Collègues de travail dans un monde à l'envers... D'élève me voici le maître...Jamais je ne me sentirai à ma place...c'est vrai que je la remplace. Syndicaliste écoutant Bach en épluchant des patates. Le monde syndicaliste est détonnant.
Paris enfin, là, personne qui vaille la peine d'en parler, relations superficielles et décevantes, histoires de draps...On m'a dit que ça continue comme ça.
Le monde des femmes s'ouvre de l'intérieur. Me voici épouse, mère, voisine, copine de gym ! Marie Claude croise ma route, elle repasse à poil dans son jardin, se fout du qu'en dira-t-on et élève des salamandres !! Evelyne qui me réconcilie avec la maternité en me prêtant parfois le sourire de ses gamins, élevant seule ses trois petiots par la faute d'un saint trop léger.
D'autres, passagères éphémères de ma vie nomade...j'ai oublié vos noms mais pas vos visages, ni les secrets confiés.

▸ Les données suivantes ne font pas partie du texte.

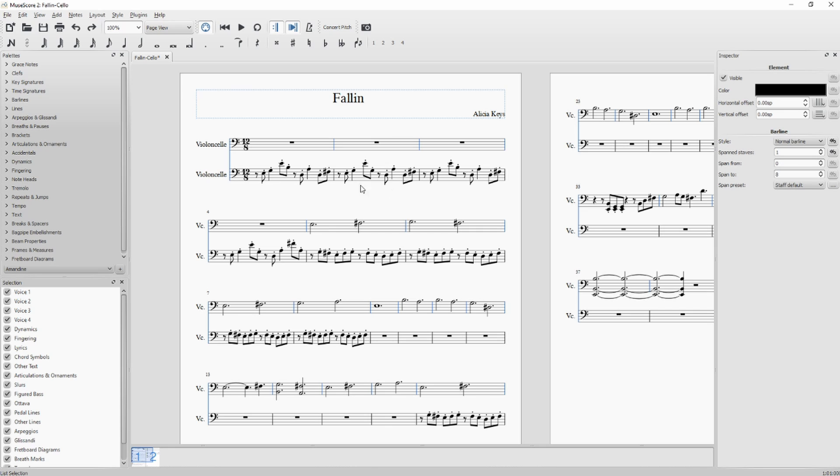It has selected all the beams from the staff above.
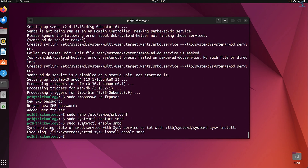Now allow a few ports on your firewall by typing sudo ufw allow followed by your port number.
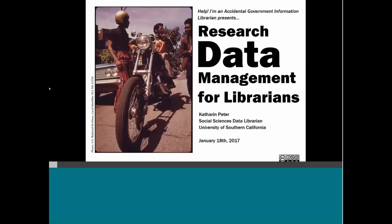Katherine Peter is a social science data librarian at the University of Southern California. She has a B.A. in sociology, a master's in library and information science, and a graduate certificate in geographic information science and technology. She is one of our leading specialists in data and all things research data management.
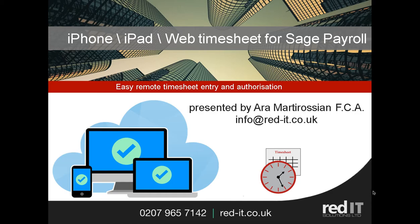Hello, welcome to this presentation of Mobile2Sage. My name is Zara Martirosian and I'm going to show you how to enter timesheets for Sage payroll remotely using an iPhone, an iPad or a web portal.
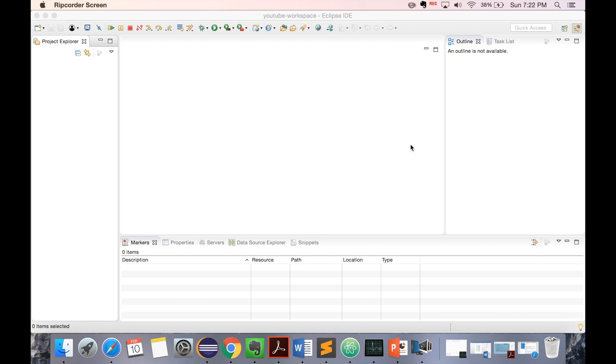In this video, we will create a Spring Boot application from scratch. We will build an end-to-end application, create controllers, JSPs, and test them. Let's get started.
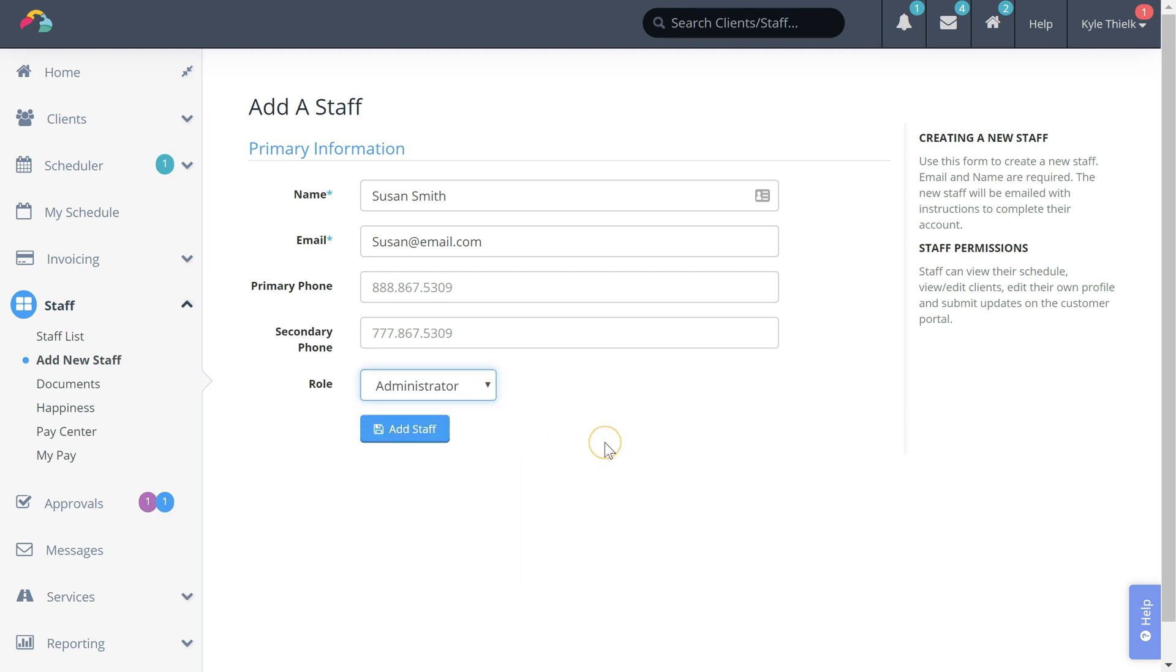First up is the administrator role. The administrator has complete access to the Time to Pet account and this is most commonly used for someone like your business partner.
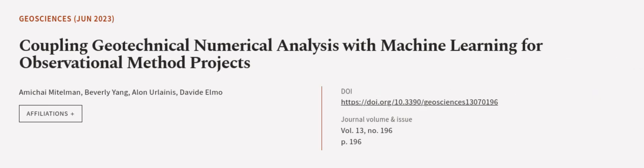This article was authored by Ami Chai Meidelman, Beverly Young, Ilona Lainis, and others.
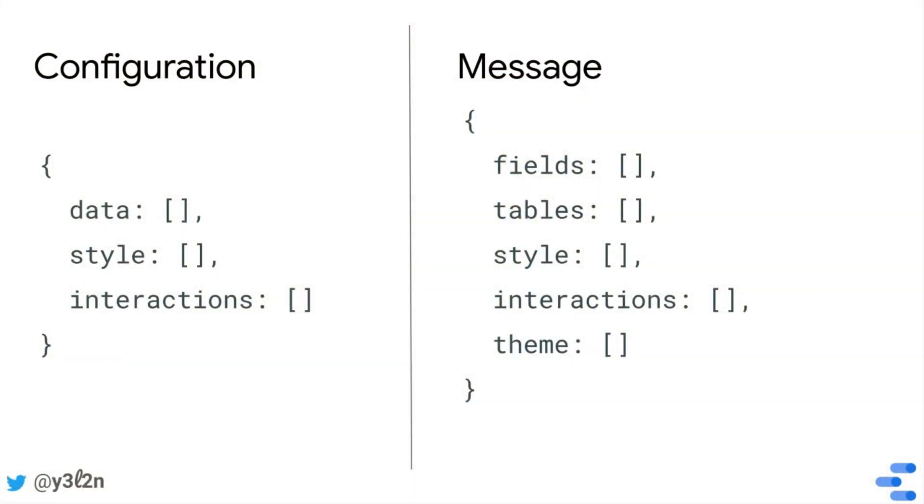A quick note on vocabulary. In this video, I'll refer to the overall package of information that Data Studio provides a community visualization as a message.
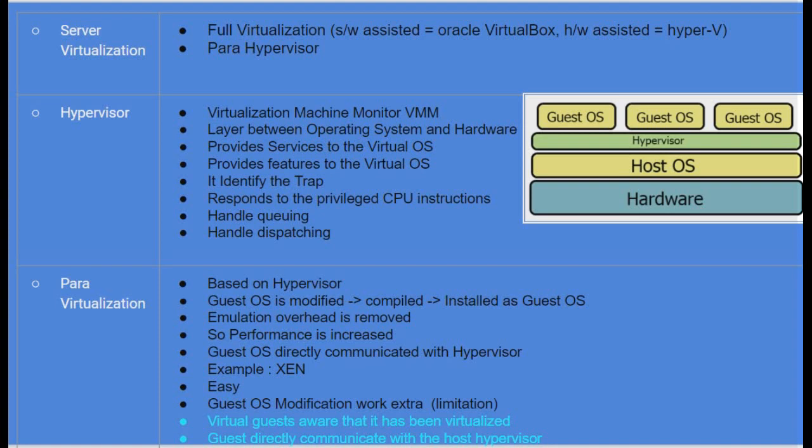With software-assisted full virtualization, you install virtual machines using software — for example, Oracle VirtualBox. Hardware-assisted virtualization uses hardware support, for example Microsoft Windows Hyper-V, where Hyper-V is enabled to create virtual machines. Another type is para virtualization, also called a para hypervisor.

Ennemies devenues amies, puis revenues à leur vraie vocation! Parenthèses mal ouvertes, plaies mal refermées...Je n'étais pas celle que vous auriez voulu que je sois, vous n'étiez bientôt plus rien pour moi.
Ennemies franches, croche-pied à talons aiguille qui font mal puis rendent plus forte. Sourires carnassiers. Jalousies consensuelles. Je ne parlerai plus de vous.
Puis, vieillissant, m'enfonçant doucement dans des poitrines plus larges, des cœurs plus gros, mamans en mal d'adulte enfant...Renâclant, clownant, porteuses des peines si lourdes qu'on s'enfonce peu à peu, mais sûrement.
Enfin voici les nouvelles générations, sans transition, petites filles maquillées, aux culottes de dentelle rouge, se pavanant sous mon toit déguisées en anges noirs, folles ou insouciantes, souriant au temps qui casse.
Toutes ces filles, femmes, fleurs, dans un jardin où tout pousse, pêle mêle, dans les orties.